A palliative care social worker is a caregiver who offers advice and referrals to social services to families of people who have been diagnosed with serious illnesses at any stage of their illness, from diagnosis to death. Any palliative care social worker has five main responsibilities: assessment, training, counseling, staff support, and serving as a liaison between the client and community resources. Palliative care social workers are more personal and individualized than typical social workers, and they provide long-term, specialized holistic care to help a sick person in any way they can, whether it’s by easing pain, mitigating symptoms of illness, accessing cures, or finding physical and psychological relief.
A palliative care social worker can help patients find alternative therapy, church services, and leisure activities that can improve their quality of life in addition to standard healthcare programs and services. They may also be able to assist with estate planning, wills, and funeral planning in advance. Palliative care social workers are most needed for people with acute, recurring, and usually terminal illnesses who require consistent attention on a regular basis.
A palliative care social worker is usually part of a larger palliative care team and thus does not have to juggle all of these responsibilities alone. Instead, the social worker coordinates a team that may include nurses, doctors, psychiatrists, and other specialists.
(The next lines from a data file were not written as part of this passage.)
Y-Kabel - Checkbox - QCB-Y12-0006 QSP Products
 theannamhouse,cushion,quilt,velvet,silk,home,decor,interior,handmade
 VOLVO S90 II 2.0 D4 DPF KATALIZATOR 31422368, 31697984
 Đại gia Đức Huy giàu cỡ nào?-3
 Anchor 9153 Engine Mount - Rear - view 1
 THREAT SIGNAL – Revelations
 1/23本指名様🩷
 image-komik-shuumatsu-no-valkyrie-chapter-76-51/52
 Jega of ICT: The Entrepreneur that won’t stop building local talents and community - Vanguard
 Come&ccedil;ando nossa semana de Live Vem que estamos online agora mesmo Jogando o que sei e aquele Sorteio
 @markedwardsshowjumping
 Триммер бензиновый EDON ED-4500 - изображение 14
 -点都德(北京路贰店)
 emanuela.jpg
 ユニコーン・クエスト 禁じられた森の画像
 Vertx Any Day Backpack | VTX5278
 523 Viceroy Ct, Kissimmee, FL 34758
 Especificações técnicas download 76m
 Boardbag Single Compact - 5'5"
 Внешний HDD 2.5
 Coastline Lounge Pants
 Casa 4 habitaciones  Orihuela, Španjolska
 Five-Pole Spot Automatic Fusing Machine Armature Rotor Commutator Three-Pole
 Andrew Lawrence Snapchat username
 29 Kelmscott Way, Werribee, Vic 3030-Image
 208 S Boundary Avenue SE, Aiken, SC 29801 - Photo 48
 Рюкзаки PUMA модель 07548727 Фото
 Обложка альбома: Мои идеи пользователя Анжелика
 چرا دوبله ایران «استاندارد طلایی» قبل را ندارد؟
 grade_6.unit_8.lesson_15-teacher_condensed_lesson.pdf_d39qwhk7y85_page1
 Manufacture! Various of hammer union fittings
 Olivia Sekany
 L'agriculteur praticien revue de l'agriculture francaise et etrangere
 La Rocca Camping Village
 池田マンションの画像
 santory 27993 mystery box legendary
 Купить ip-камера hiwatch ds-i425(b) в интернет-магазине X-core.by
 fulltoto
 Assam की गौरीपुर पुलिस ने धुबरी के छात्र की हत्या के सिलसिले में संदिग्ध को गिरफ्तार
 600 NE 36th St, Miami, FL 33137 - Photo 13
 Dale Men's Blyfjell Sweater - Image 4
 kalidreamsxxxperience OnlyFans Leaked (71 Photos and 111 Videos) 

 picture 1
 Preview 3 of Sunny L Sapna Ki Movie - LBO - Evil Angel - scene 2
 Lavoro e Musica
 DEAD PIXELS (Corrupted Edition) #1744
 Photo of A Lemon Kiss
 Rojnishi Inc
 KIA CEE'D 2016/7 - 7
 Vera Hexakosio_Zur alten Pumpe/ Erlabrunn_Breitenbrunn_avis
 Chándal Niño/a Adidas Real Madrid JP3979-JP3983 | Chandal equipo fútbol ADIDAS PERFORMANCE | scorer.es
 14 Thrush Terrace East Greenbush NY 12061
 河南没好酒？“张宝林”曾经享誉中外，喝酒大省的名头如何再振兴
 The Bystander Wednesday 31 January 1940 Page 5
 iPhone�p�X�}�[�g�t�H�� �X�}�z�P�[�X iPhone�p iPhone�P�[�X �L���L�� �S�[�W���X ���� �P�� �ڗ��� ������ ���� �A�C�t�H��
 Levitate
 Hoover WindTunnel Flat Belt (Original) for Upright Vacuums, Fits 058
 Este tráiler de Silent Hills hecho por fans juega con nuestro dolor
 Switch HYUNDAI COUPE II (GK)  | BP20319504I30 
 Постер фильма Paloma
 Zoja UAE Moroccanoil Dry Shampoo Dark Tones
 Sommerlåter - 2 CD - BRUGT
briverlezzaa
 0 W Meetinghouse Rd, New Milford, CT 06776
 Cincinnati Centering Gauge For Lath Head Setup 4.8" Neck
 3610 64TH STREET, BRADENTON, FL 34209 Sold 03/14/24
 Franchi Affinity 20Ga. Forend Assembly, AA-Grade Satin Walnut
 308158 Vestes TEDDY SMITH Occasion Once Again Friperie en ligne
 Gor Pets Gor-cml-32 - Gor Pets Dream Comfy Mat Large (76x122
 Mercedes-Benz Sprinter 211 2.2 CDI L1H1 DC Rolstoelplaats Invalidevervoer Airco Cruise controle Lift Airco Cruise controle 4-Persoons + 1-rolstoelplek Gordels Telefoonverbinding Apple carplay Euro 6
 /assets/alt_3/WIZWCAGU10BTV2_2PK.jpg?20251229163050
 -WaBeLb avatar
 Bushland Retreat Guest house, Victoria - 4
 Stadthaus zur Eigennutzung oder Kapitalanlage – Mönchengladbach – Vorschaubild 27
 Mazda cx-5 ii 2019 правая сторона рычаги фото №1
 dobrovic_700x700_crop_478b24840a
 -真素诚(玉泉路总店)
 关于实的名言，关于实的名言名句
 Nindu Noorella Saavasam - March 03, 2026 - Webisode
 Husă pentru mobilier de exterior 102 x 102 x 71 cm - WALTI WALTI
A palliative care social worker’s unique contribution to the team is that, through training and experience, they are typically skilled in how to add a personal, delicate touch to traumatic situations, allowing families and children to feel more at ease. Social workers can assist the team in identifying any cultural or social factors that may be influencing how patients respond to care and the types of treatment that the family prefers.
Palliative care social workers typically begin their work with patients by interviewing them, their family members, and even their friends. Following the collection of a patient’s medical history, the social worker can create a case study that the palliative care team can use to design interventions that benefit everyone involved in the patient’s life. Many healthcare systems have in-house palliative care units, which are staffed by full-time palliative care social workers who serve multiple families at once. Cancer, Alzheimer’s disease, and acquired immunodeficiency syndrome are all serious and terminal illnesses that frequently necessitate the assistance of a palliative care social worker (AIDS).